Specifically, the Yale team found that one of the most abundant beneficial species found in the human gut showed an increase in colonization potential when experiencing carbon limitation – a finding that could lead to new clinical interventions to promote a healthy gut. to support. The findings were published on March 16 Science.

Based in the lab of geneticist Eduardo Groisman, the Waldemar Von Zedtwitz Professor of Microbial Pathogenesis, the Yale team found that the beneficial gut bacteria Bacteroides thetaiotaomicron responded to starvation for carbon – an important building block for all cells – by destroying some of the molecules for an essential transcription factor in a membraneless compartment.

The team determined that sequestration of the transcription factor increased its activity, which altered the expression of hundreds of bacterial genes, including several that promote gut colonization and control central metabolic pathways in the bacteria. These findings reveal that “good” bacteria use the storage of molecules in membraneless compartments as an essential strategy to colonize the mammalian gut.

Bacteroides thetaiotaomicron and other bacteria residing in the mammalian gut have access to nutrients ingested by the host animal. However, there are also long periods when the host organism does not eat. Deprivation of nutrients, including carbon, triggers the production of colonization factors in beneficial gut bacteria, the researchers found.

“One of the things that came out is that when an organism is starved for carbon, that’s the signal that helps produce traits that are good for survival in the gut,” said Aimilia Krypotou, a postdoctoral researcher in Groisman’s lab and lead author of the study.

A confluence of observations from previous lab research led to the breakthrough. The first was when Groisman noticed that the size of the gut microbe’s transcription factor was much larger than that of other well-studied homologous proteins from other bacterial species. The team then found that bacteria could not survive in a mouse’s gut without the extra region that was absent in homologous proteins.

Krypotou then hypothesized that the extra region might confer a new biophysical property on the transcription factor necessary for the bacteria to survive in the gut, and successfully performed a series of experiments to test the hypothesis.

An awareness of these membraneless compartments actually goes back a hundred years, Groisman said. Krypotou’s main insight, he said, was deriving new properties for the bacterial transcription factor — called Rho — based on the extra region. Sequestration of the transcription factor occurs through a process known as liquid-liquid phase separation, a ubiquitous phenomenon present in a wide variety of cells, including those of humans.

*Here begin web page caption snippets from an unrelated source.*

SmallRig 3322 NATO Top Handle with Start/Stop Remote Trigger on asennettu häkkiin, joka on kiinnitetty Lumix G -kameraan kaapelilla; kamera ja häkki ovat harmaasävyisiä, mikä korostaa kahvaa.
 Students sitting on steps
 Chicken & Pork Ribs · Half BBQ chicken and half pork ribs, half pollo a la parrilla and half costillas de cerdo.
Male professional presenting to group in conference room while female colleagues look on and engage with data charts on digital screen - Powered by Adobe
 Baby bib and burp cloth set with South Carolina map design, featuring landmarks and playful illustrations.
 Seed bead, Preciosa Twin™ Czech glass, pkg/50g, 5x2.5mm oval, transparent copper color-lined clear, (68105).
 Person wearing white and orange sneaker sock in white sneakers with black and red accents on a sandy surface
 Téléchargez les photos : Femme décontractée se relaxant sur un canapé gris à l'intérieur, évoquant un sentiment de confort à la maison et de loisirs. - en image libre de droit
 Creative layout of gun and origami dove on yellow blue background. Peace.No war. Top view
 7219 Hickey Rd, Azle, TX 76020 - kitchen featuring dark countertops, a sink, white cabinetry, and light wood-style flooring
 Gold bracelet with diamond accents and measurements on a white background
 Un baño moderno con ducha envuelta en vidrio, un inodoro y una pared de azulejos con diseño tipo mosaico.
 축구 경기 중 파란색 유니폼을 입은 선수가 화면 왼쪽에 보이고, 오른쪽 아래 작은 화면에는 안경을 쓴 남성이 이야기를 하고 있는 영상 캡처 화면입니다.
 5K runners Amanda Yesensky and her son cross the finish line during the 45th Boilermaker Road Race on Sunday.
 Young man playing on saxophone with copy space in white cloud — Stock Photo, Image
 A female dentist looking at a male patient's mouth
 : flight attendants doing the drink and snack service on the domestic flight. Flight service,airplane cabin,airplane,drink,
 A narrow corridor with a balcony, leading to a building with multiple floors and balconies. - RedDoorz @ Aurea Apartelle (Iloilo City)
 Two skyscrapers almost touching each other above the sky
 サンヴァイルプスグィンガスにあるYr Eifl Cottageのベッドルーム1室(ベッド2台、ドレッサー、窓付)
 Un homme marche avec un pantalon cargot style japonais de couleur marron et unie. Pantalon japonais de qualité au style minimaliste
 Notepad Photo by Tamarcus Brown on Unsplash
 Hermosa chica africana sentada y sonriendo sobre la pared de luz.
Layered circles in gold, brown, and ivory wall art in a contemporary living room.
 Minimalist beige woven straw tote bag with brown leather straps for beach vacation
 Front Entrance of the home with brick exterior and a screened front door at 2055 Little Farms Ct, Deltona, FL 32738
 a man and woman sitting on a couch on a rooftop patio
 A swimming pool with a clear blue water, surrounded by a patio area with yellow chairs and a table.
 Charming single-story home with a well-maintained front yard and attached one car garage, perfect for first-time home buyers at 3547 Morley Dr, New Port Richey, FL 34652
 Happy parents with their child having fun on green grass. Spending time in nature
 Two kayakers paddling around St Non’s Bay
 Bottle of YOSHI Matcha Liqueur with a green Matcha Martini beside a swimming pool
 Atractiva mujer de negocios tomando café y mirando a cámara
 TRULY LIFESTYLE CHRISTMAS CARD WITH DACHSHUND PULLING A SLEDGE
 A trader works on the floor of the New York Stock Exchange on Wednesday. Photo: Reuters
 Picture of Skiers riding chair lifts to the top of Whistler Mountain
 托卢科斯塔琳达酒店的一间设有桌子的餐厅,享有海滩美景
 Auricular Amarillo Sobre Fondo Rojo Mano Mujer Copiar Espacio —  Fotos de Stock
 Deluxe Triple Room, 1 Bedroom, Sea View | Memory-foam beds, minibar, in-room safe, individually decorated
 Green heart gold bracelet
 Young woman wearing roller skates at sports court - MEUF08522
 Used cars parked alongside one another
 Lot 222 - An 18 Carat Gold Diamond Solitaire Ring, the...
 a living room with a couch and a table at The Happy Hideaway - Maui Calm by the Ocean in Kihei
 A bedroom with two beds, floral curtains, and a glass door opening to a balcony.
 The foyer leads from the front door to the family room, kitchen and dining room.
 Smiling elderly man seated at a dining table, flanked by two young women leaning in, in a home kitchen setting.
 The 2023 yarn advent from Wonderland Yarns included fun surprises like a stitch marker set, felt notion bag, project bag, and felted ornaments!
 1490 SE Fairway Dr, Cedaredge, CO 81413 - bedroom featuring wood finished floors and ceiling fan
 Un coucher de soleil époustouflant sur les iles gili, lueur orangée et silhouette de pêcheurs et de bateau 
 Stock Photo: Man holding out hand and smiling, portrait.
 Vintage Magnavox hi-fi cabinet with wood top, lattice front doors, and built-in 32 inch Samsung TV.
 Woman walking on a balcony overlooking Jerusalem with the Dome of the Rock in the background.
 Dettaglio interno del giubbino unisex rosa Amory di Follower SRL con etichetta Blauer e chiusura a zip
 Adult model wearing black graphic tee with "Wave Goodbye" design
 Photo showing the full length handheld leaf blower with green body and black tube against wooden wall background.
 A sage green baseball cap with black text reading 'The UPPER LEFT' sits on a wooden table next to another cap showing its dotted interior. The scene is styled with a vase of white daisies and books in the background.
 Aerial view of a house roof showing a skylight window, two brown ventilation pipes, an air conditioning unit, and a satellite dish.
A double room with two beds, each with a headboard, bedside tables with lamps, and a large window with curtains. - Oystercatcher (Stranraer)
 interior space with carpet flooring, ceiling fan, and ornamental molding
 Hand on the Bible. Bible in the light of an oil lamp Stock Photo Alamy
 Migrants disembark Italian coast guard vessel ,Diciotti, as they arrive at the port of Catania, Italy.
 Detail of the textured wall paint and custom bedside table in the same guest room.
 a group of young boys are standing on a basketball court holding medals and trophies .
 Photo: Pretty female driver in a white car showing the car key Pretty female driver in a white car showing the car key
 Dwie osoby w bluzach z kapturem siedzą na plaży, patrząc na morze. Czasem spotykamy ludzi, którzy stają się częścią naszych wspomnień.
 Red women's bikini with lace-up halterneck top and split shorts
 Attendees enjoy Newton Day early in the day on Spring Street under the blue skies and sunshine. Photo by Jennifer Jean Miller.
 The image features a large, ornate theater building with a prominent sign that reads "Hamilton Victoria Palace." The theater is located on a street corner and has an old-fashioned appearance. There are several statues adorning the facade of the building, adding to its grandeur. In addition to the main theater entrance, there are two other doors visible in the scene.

“This phenomenon is well known, but most commonly associated with stress in eukaryotic organisms, such as plants, animals and fungi,” Groisman said. “Recently it was realized that it can also happen to bacteria and in our case we found that it occurs in commensal gut bacteria, which need it to survive in the gut. You could imagine that if you manipulated organisms that are susceptible for this purpose one might perhaps improve organisms beneficial to man.”

The findings could spur the development of new probiotic therapies for gut health, Krypotou said.

“Most studies only look at the abundance of bacteria,” she said. “If we don’t understand what’s happening at the molecular level, we don’t know if it would help.”